DATA PROVIDED:

[Start of Attachment]

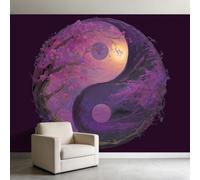 Genérico Papel pintado no tejido 400 x 280 cm chino flor cerezo símbolo Yin y Yang papel pintado panorámico cuadros de pared tapiz foto decoración de pared sala de estar, habitación de niños, color
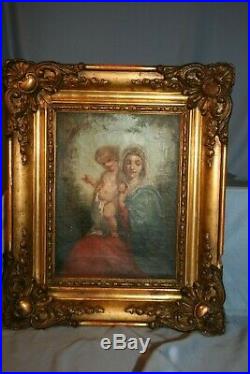 Tableau peinture Huile sur toile Vierge à l'enfant XIX ème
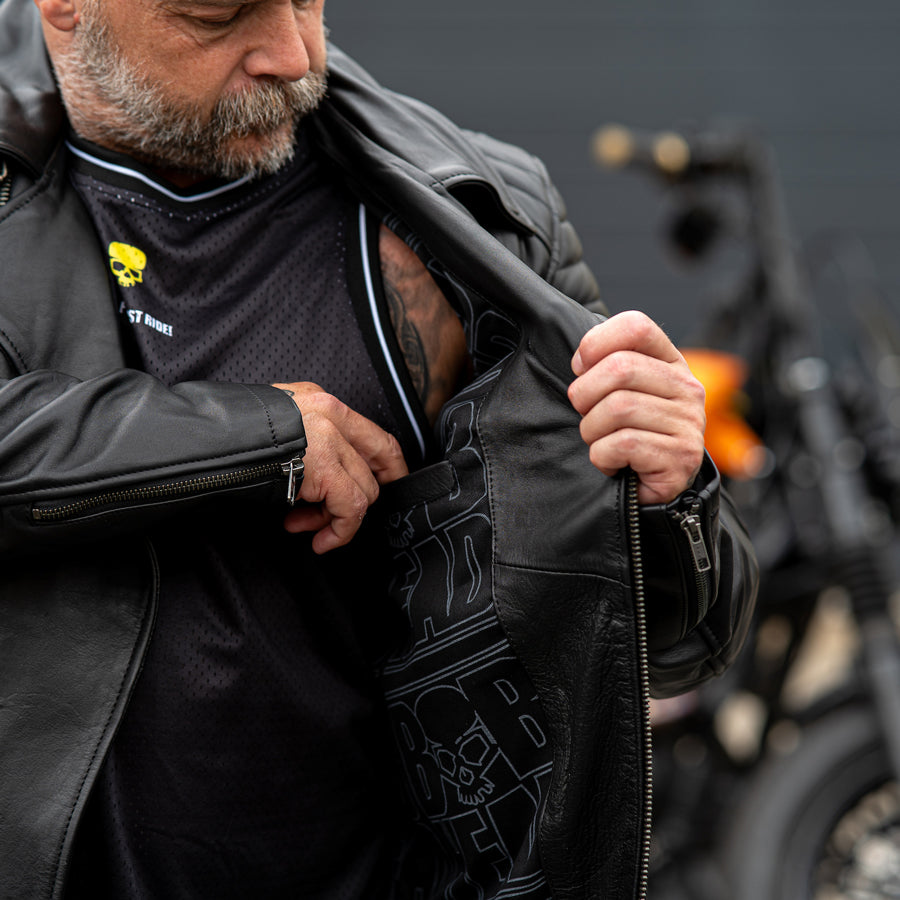 Leather Motorcycle Jacket Protective Brando Black | Armored AAA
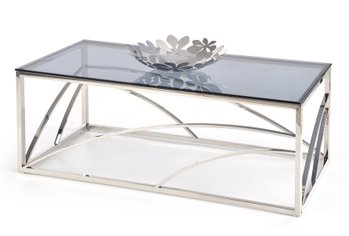 Журнальний столик в вітальню Universe скло димчастий / хромована сталь сріблястий Halmar Польща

[End of Attachment]

WHAT YOU HAVE TO DO: Copy back, word for word, every line between the top of the material above and the line that contains "Leather Motorcycle Jacket", both included, without any pictures.

RESULT OF THE EXERCISE:
 Genérico Papel pintado no tejido 400 x 280 cm chino flor cerezo símbolo Yin y Yang papel pintado panorámico cuadros de pared tapiz foto decoración de pared sala de estar, habitación de niños, color
 Tableau peinture Huile sur toile Vierge à l'enfant XIX ème
 Leather Motorcycle Jacket Protective Brando Black | Armored AAA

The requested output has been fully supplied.